My husband has that gene mutation.But his cancer is bile duct .Never see anything about it or hear anyone else with this rare gene .They believe he may have gotten liver fluke parasite in Vietnam.Can you send me any info you have found ??Thank you& Good luck ♥️🙏

Finding a clinical trial can be a daunting task requiring perseverance. Precision Medicine (molecular profiling by Next Generation Sequencing [NGS] and liquid biopsies) to reveal possible gene mutations driving the cancer helps in narrowing the focus for using Targeted Therapy directed at the mutation. Even with that info, searches can be daunting reading through the scope of the trial and the inclusion/exclusion criteria.

Besides clinicaltrials.org, PanCan.org has a search page and case managers you can call (877.272.6226, M-F, 7:00am-5:00pm PT) that work with staff at CancerCommons.org to do the time consuming work in narrowing down the list of potential trials. LetsWinPC.org partners with EmergingMed.com that also has a staff you can speak with to get more clarification of a specific trial. myTomorrows.com is another clinical trial finder service and the staff takes it a step further- they will help with the enrollment process making the phone calls to principal investigator/ clinical trial nurse coordinator so everything is done and a potential participant just needs have an eligibility exam and to read through and give informed consent. All the services through the above search firms are free of charge.

From personal experience, I had molecular profiling done early on. That allowed me to focus my search. Still it took 14 months to find the perfect fit between between aspects of my case and the trial. I searched clinicaltrials.gov and PanCan.org weekly. As a former cancer researcher, I also was perusing the American Society of Clinical Oncology website one weekend as their annual meeting was underway. I saw an abstract just posted of a “proof of concept” trial detailing the results of the two participants. The abstract hinted a clinical trial was to result from the data.

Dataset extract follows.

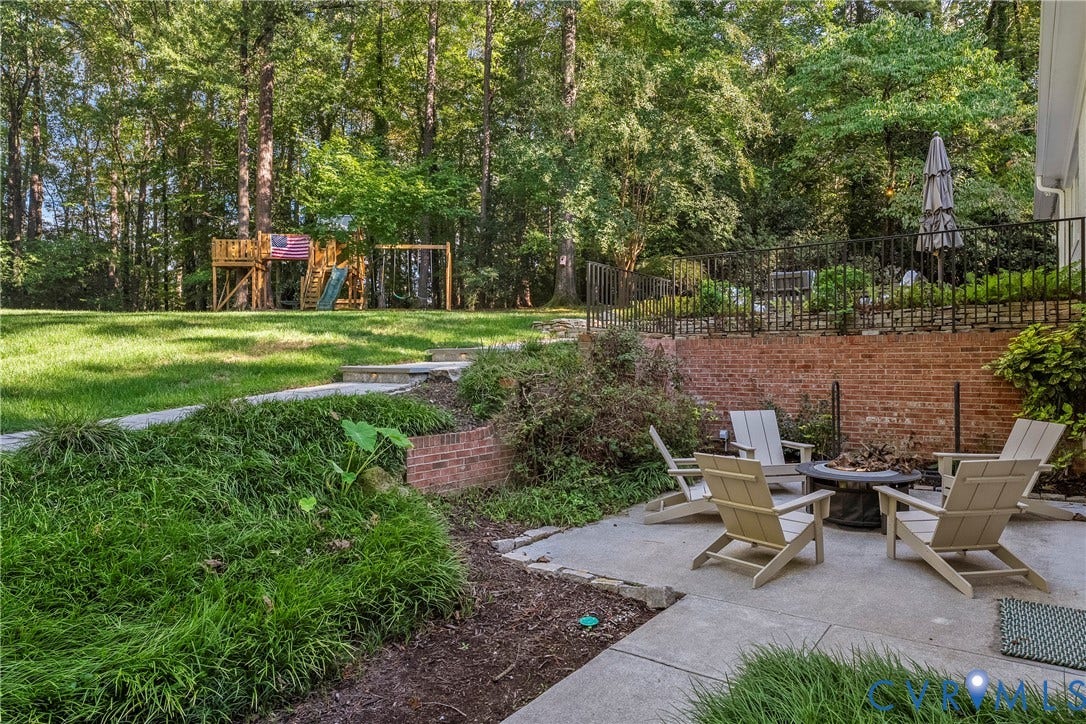 Expansive backyard with a concrete patio, brick retaining wall, and a raised lawn area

I called clinicaltrials.gov and they knew and had nothing about it. Same for PanCan.org. So using the internet, I found contact info on the first author of the paper and called PanCan.org if they would call and make the introduction about my case. They did and that led to being the first enrolled in the trial and going on to have a complete response, achieving NED status 6.5 years ago and recently being declared cured using chemotherapy 10.5 years after having stage IV disease.

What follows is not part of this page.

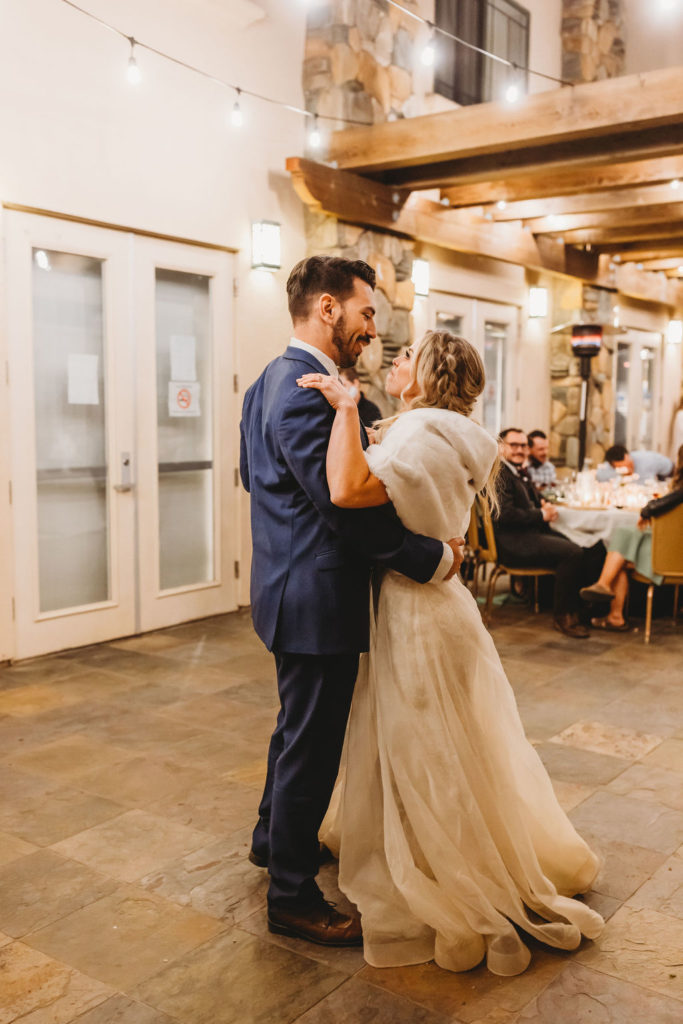bride and groom dancing their first dance at forest wedding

@tra418 , I also have the ATM mutation with my pancreatic cancer. I understand it has similar impact on DNA Damage Repair (DDR) as other gene mutations like BRCA1, BRCA2, PALB2, and is sometimes treated with drugs (PARP Inhibitors?) targeting the DDR function.

@gamaryanne , I think the KRAS mutation is more common in PC. I've seen trials and stories specifically targeting KRAS, but the only link I have handy is this one: https://www.nbcnews.com/health/health-news/gene-therapy-pancreatic-cancer-experimental-approach-shrank-tumors-one-rcna31437 . That might be the same treatment / story originating from U of PA, but with another researcher working on it in Oregon.

I've heard oncologists refer to "tumor agnostic" treatments in the context of modern, targeted therapies. Instead of focusing so much on the organ where the primary tumor originated and the traditional "cancer type," they're focusing on the "cancer biology" -- specifically mutations in the DNA and drugs that will target those cancer cells wherever they may roam.

"May we live in interesting times!" 😉

In simple words, we gave a combination of drugs ( pelareorep+ atezolizumab and chemo) to mPDAC patients, which is one of the worst cancers, and 3/3 “safety run-in” patients showed about 50% reduction in their tumor sizes in just 4 months!This is great 🙂

Early days by Oncolytics Biotech and Roche.